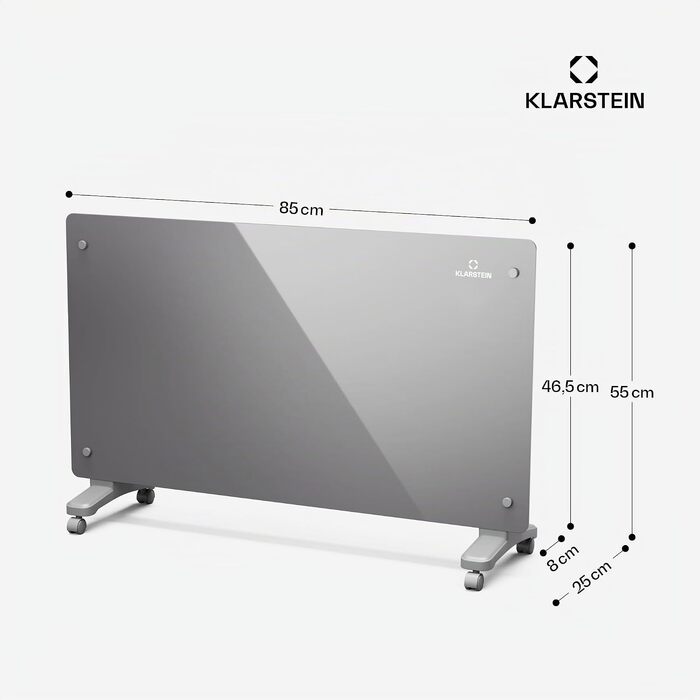 Конвекторний обігрівач Klarstein Bansin Smart 2500W з керуванням через додаток, X-подібним нагрівальним елементом та захистом від перегріву, для кімнат та зимових садів (Кристал)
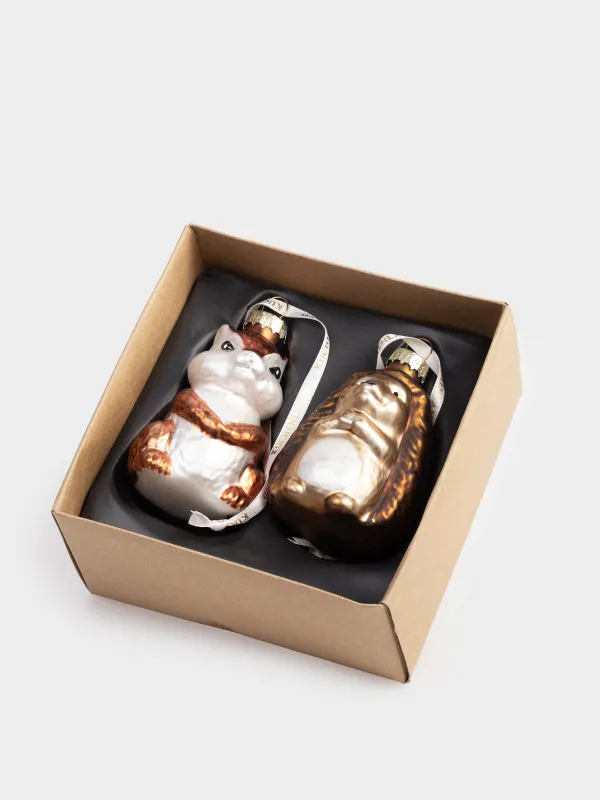 Набор елочных игрушек, 7 см, 2 шт, стекло, Новогодние звери, Figure christmas, image-4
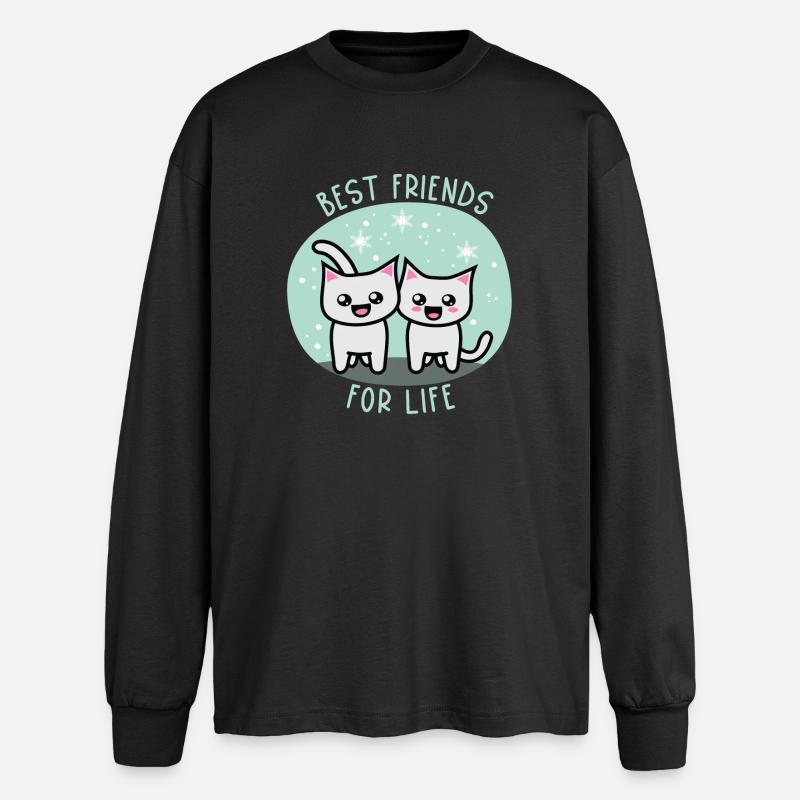 Best friends for life - Oversized Langarmshirt  - Schwarz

Try it —
Omit the pictures, then retype the remaining material without a single change.

Solution below —
 Конвекторний обігрівач Klarstein Bansin Smart 2500W з керуванням через додаток, X-подібним нагрівальним елементом та захистом від перегріву, для кімнат та зимових садів (Кристал)
 Набор елочных игрушек, 7 см, 2 шт, стекло, Новогодние звери, Figure christmas, image-4
 Best friends for life - Oversized Langarmshirt  - Schwarz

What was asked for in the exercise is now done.